We arrived at Chicago’s Midway Airport and were picked up by our friends Scott and Rachelle who took us back to their apartment in Oak Park where we’d be staying for a portion of our Midwest adventure. After getting settled and catching up with our friends, we headed off to Bucktown for dinner at a nifty little hipster joint called Handlebar. Handlebar is a cozy bicyclist-oriented café/bar with several vegan food options and an excellent tap and bottled beer menu. To the sound of old school Black Flag and Black Sabbath sounds, we perused the healthy menu of food options and hearty selection of Midwest-centric brews. On draft, Handlebar featured Bells Two Hearted Ale, Goose Island Demolition IPA, Bell’s Oberon, Metropolitan Dynamo Copper Lager, and more. I settled on a Three Floyds Pride & Joy American mild ale. The superbly balanced medium bodied brew possessed a fragrant aromatic hops nose bolstered by a delectably rooted malten spine had enough to it to cut through the spice of the buffalo seitan wrap and garlic mashed potatoes I ordered without being overly assertive. I also was able to sip some Oberon served with an orange wedge and a dynamic Great Lakes Grassroots Ale. Described as a “fragrant saison blended with coriander, lemon balm, chamomile and lemon basil, the herbal overture married with the pungent Belgian yeastiness made for quite a ride. The Handlebar’s bottled beer selection included Goose Island Juliet, Schneider Aventinus, Goose Island Summertime, Founder’s tart cherry infused Cerise, Left Hand Juju Ginger Ale, and Dark Horse Double Crooked Tree IPA. Several thumbs up and high fives for Handlebar, a great initiation to the better side of ChiTown’s beer scene.
After leaving Handlebar, we walked through the bustling hipster zone that is Bucktown to the nearby Map Room.

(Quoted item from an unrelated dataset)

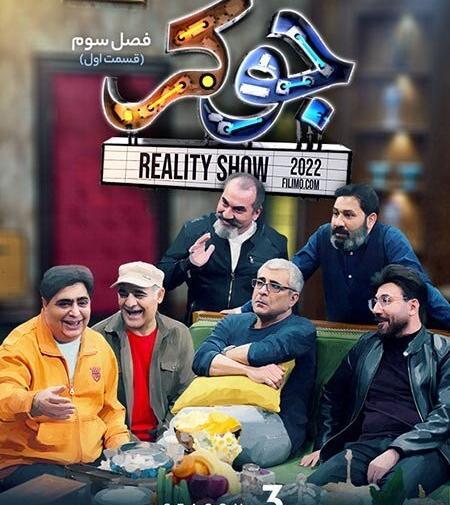 عکس فیلم جوکر ۲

Featuring woodcut outlines of world maps in square panels outlining the front walls, Map Room was thick with bodies, beer, and noise. After eventually making our way to the sticky bar front, we investigated a stellar tap selection worthy of a double salute. From the cask I ordered a 20-ounce Surley Bitter Brewer that poured about 16 ounces of the glass. A mild, grassy, downable brew, the Bitter Brewer was inevitably a sipper after the grand portions served up at dinner. I got to enjoy tastes of the Goose Island Demolition Ale, a Belgian-style pale. The Demolition was very funky and assertive on the tongue, exhibiting a bold sweetness and gritty astringency that seemed to overwhelm the senses with a plethora of ingredients. Great Lakes Edmund Fitzgerald, a classic American Porter, was a great 5.8% ABV robust gulper. Chocolaty, clement, and chewy , this porter was my favorite of the three beers I experienced at the Map Room. With a phat selection of draft offerings including Three Floyds Alpha King, Capital Hop Bock, Monk’s Café Flemish Sour Red Ale, and Boon Oude Geuze Mariage Parfait, the Map Room had a laundry list of bottle beers that rivals most Portland and Seattle bottle shops. Very cool was the Room, but the thickness of the air and the high-decibel atmosphere made it hard to hold a conversation and unwind. Perhaps a weekday here might be more fitting for catching up with old friends.
Soon after leaving the Map Room, our rock n’ rolla friend Scott showed us one of his favorite dive bars, Club Foot, not far from Bucktown. Adorned with a hodgepodge of knickknacks like Star Wars figurines and old breweriana, Club Foot was simultaneously a dingy punk rock haven and a germophobes beer geek nightmare. One of the only craft beers on the menu board was Bell’s Amber, which I ordered. Disappointed when I found this beer served in a bottle rather than on draught, I was even more distraught to discover the contents inside the beer was infested with off flavors worthy of a drain pour. Too bad it cost me $5. Last call was shouted and shortly after the lights came on and everyone was incouraged to get out. We headed back to Oak Park and called it a night. Not a bad first night in ChiTown. Not bad at all.